Another quarter has passed and Apple has yet again blown away analyst earnings predictions.  You'd think that the tired Wall Street gurus would have learned by now.

Leading the way was an incredible 14.1 million iPhones shipped.  Analysts predicted that Apple, beleaguered by fierce competition from Google's Android army and fallout from the iPhone 4's faulty antenna, would only ship 11 million iPhones during the quarter.  As usual, Apple's customers unquestioning loyalty and willingness to overlook the company's quality slip-ups proved a valuable asset.

Macs sales also looked promising, with 3.89 million units shipped, versus an analyst prediction of 3.7 million units.  The strong iPhone and Mac sales propelled quarterly revenue soaring to $20.34B USD (versus a consensus estimate of $18.9B USD).  Similarly, profits were up to $4.31B USD, handsomely surpassing estimates.

Apple's earnings did showcase some troublesome signs, though.  Particularly worrisome for Apple, its brand-new iPad.
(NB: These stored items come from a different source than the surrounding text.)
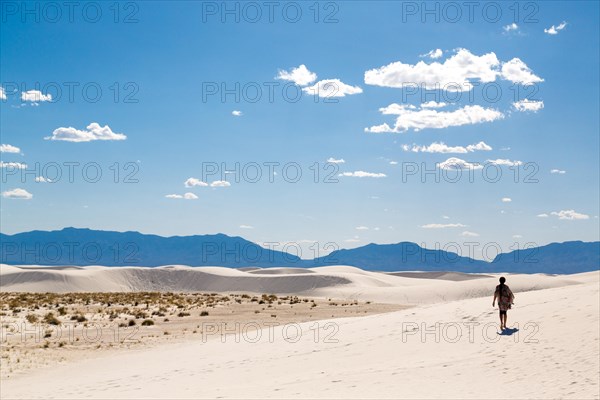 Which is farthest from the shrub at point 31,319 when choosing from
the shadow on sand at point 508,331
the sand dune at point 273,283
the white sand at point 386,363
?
the sand dune at point 273,283

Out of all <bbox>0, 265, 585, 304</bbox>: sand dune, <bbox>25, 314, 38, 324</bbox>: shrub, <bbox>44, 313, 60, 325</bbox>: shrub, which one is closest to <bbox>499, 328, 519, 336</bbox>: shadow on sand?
<bbox>44, 313, 60, 325</bbox>: shrub

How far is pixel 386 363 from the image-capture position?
15.7m

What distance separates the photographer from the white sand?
13125 mm

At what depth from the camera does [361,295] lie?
184ft

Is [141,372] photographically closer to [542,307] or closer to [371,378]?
[371,378]

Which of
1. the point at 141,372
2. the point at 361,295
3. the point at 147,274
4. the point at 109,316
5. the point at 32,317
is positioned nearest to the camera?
the point at 141,372

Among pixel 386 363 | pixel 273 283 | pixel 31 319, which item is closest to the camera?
pixel 386 363

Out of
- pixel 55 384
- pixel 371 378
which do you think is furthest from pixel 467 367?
pixel 55 384

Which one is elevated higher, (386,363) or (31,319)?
(386,363)

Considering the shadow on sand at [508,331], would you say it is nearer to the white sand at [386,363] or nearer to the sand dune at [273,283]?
the white sand at [386,363]

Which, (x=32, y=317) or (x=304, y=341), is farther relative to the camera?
(x=32, y=317)

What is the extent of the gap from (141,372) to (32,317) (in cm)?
1603

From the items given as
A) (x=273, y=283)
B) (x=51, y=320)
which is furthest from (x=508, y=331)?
(x=273, y=283)

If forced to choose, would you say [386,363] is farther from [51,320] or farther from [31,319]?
[31,319] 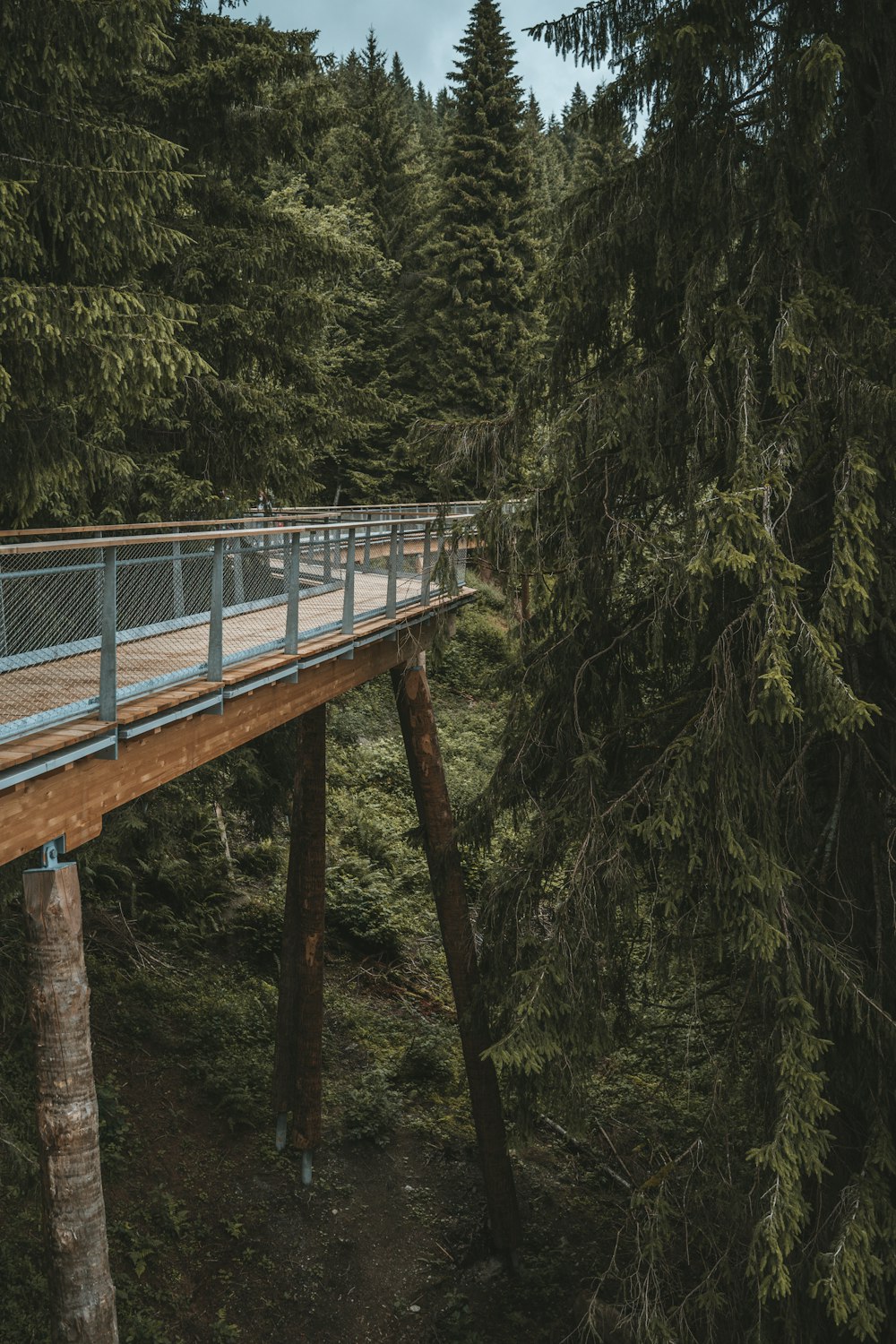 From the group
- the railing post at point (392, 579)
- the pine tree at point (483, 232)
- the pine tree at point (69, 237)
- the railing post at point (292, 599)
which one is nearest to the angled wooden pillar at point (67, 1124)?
the railing post at point (292, 599)

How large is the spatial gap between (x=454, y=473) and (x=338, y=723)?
1616 centimetres

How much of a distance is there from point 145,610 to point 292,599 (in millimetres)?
1128

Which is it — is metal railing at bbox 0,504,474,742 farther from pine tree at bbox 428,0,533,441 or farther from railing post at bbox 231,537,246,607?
pine tree at bbox 428,0,533,441

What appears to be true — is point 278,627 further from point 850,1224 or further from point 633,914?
point 850,1224

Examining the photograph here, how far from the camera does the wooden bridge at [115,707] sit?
5.30 m

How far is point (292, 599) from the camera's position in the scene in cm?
779

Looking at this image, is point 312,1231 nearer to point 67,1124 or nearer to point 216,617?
point 67,1124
I twas forecast to move 4.7 million units, but only moved 4.19 million units, a sign of slowing sales.  And sales of iPods came in a 9.05 million units, falling short of the predicted 10 million units.

Its prediction of $4.80 (USD) earnings per share for its quarter in December also fell short of the bullish analyst consensus of $5.04.

These results led to an unusual trading pattern in Apple's stock after hours.  Despite reporting what seems a blowout quarter, these telltale signs of weakness sent Apple stock approximately $21/share, approximately a 6.6 percent drop.  This drop returned the stock to beneath $300, a mark that the stock just passed for the first time early this month. 

Perhaps such is the fate of an unusual company like Apple whose customers are fiercely loyal, whose actions are over scrutinized, and who continues to deliver plenty of surprises come earnings day.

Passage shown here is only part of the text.